How Does NGINX Reload Work? Why Is NGINX Not Hot-Reloading?

I recently noticed a post on Reddit which said "Why NGINX doesn't support hot reloading?". Weirdly, NGINX, the world's largest web server, doesn't support hot reloading? Does it mean we all use nginx -s reload incorrectly? With this question, let's check how NGINX reload works.

What is NGINX

NGINX is a cross-platform open-source web server developed in C language. According to statistics, among the top 1000 highest traffic websites, over 40% of them are using NGINX to handle the enormous requests.

Why is NGINX so popular

What advantages does NGINX have to beat the other web servers and always keep a high utilization rate?

The main reason is that NGINX is designed for handling high concurrency issues.

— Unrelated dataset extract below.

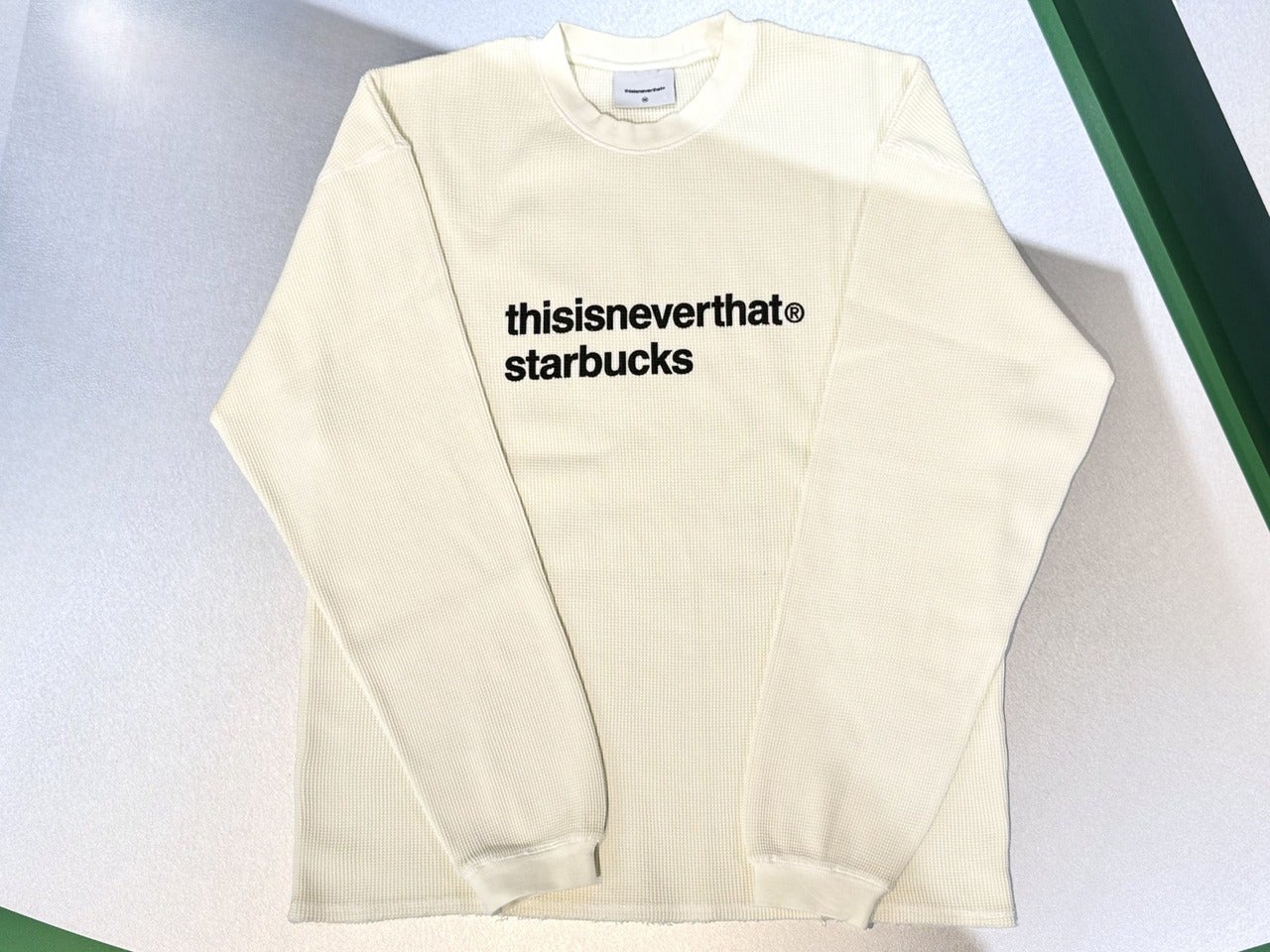 スタバ&times;韓国・ソウル発ストリートウェアブランド『thisisneverthat』コラボアイテム「thisisneverthat starbucks L/S ワッフルTシャツ 」ホワイト１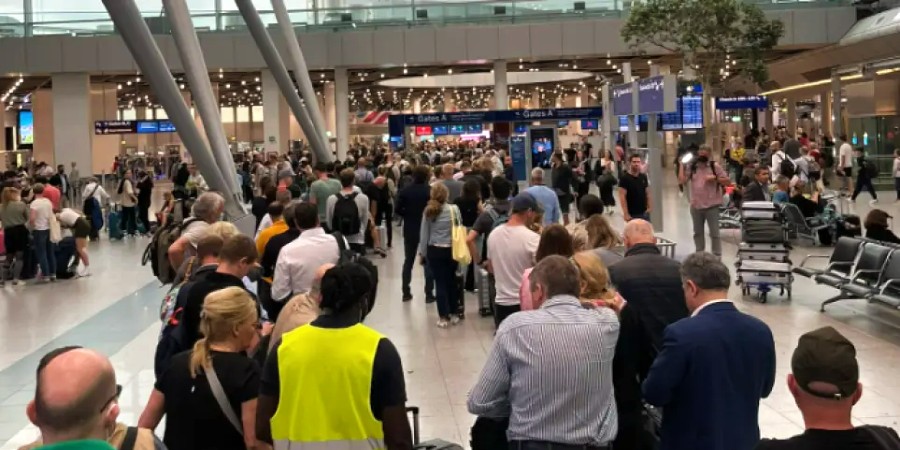 Μεγάλη ταλαιπωρία: Συνωστισμός στο αεροδρόμιο του Ντίσελντορφ - Ακυρώσεις πτήσεων και στη Βιέννη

Therefore, NGINX could provide a stable and efficient service while handling enormous concurrent requests. Moreover, compared to competitors of the same age, such as Apache and Tomcat, NGINX has many extraordinary designs like advanced event-driven architecture, a fully asynchronous mechanism to handle network IO, and an extremely efficient memory management system. These remarkable designs help NGINX entirely use servers' hardware resources and make NGINX the web server's synonyms.

Apart from the above, there are other reasons like:

Highly modular design makes NGINX own enormous feature-rich official and extended third-party modules.
The freest BSD License makes developers willingly contribute to NGINX.
The support of hot reloading enables NGINX to provide 24/7 services.

Among the above reasons, hot reloading is our main topic today.

What does Hot Reload do

What is our expected hot reloading? First, I think client-side users shouldn't be aware of the server reloading. Second, servers or upstream services should achieve dynamic loading and handle all user requests successfully without downtime.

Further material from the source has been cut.